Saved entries
● ● ● ● ●
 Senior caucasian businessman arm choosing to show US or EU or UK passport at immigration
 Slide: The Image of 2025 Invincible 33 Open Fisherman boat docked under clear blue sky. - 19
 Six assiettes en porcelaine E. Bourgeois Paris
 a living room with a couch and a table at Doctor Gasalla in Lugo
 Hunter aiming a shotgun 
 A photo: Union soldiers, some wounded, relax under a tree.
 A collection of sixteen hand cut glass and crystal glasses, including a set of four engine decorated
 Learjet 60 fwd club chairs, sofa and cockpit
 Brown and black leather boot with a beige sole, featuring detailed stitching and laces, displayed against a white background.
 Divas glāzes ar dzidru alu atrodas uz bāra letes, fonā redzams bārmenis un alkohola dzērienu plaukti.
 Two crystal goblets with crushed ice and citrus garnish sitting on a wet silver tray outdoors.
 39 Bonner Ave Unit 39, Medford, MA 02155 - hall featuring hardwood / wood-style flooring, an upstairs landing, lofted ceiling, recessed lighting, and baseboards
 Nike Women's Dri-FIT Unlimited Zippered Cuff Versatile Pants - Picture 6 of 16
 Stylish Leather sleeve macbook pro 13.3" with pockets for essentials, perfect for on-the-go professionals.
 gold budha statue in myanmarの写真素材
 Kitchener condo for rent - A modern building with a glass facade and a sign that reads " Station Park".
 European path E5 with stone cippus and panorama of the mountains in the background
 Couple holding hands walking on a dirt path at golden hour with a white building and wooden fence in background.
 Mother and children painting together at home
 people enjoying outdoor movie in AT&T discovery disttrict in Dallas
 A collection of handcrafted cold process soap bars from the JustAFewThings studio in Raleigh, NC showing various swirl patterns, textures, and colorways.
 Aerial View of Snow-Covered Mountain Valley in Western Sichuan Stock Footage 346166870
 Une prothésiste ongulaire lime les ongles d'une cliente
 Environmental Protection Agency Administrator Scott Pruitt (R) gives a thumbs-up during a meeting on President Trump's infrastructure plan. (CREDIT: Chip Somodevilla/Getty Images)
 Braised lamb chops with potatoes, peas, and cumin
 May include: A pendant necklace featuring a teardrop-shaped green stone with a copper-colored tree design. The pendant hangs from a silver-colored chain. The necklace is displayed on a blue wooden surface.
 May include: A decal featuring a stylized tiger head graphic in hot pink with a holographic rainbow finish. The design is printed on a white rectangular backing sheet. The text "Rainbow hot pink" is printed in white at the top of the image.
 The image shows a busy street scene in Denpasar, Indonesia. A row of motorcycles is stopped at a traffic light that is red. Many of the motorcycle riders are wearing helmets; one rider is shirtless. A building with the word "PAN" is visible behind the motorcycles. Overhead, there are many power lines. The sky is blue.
● ● ● ● ●
Problem description: The response should consist of all the entries, set down exactly.

Solution to this problem:
 Senior caucasian businessman arm choosing to show US or EU or UK passport at immigration
 Slide: The Image of 2025 Invincible 33 Open Fisherman boat docked under clear blue sky. - 19
 Six assiettes en porcelaine E. Bourgeois Paris
 a living room with a couch and a table at Doctor Gasalla in Lugo
 Hunter aiming a shotgun 
 A photo: Union soldiers, some wounded, relax under a tree.
 A collection of sixteen hand cut glass and crystal glasses, including a set of four engine decorated
 Learjet 60 fwd club chairs, sofa and cockpit
 Brown and black leather boot with a beige sole, featuring detailed stitching and laces, displayed against a white background.
 Divas glāzes ar dzidru alu atrodas uz bāra letes, fonā redzams bārmenis un alkohola dzērienu plaukti.
 Two crystal goblets with crushed ice and citrus garnish sitting on a wet silver tray outdoors.
 39 Bonner Ave Unit 39, Medford, MA 02155 - hall featuring hardwood / wood-style flooring, an upstairs landing, lofted ceiling, recessed lighting, and baseboards
 Nike Women's Dri-FIT Unlimited Zippered Cuff Versatile Pants - Picture 6 of 16
 Stylish Leather sleeve macbook pro 13.3" with pockets for essentials, perfect for on-the-go professionals.
 gold budha statue in myanmarの写真素材
 Kitchener condo for rent - A modern building with a glass facade and a sign that reads " Station Park".
 European path E5 with stone cippus and panorama of the mountains in the background
 Couple holding hands walking on a dirt path at golden hour with a white building and wooden fence in background.
 Mother and children painting together at home
 people enjoying outdoor movie in AT&T discovery disttrict in Dallas
 A collection of handcrafted cold process soap bars from the JustAFewThings studio in Raleigh, NC showing various swirl patterns, textures, and colorways.
 Aerial View of Snow-Covered Mountain Valley in Western Sichuan Stock Footage 346166870
 Une prothésiste ongulaire lime les ongles d'une cliente
 Environmental Protection Agency Administrator Scott Pruitt (R) gives a thumbs-up during a meeting on President Trump's infrastructure plan. (CREDIT: Chip Somodevilla/Getty Images)
 Braised lamb chops with potatoes, peas, and cumin
 May include: A pendant necklace featuring a teardrop-shaped green stone with a copper-colored tree design. The pendant hangs from a silver-colored chain. The necklace is displayed on a blue wooden surface.
 May include: A decal featuring a stylized tiger head graphic in hot pink with a holographic rainbow finish. The design is printed on a white rectangular backing sheet. The text "Rainbow hot pink" is printed in white at the top of the image.
 The image shows a busy street scene in Denpasar, Indonesia. A row of motorcycles is stopped at a traffic light that is red. Many of the motorcycle riders are wearing helmets; one rider is shirtless. A building with the word "PAN" is visible behind the motorcycles. Overhead, there are many power lines. The sky is blue.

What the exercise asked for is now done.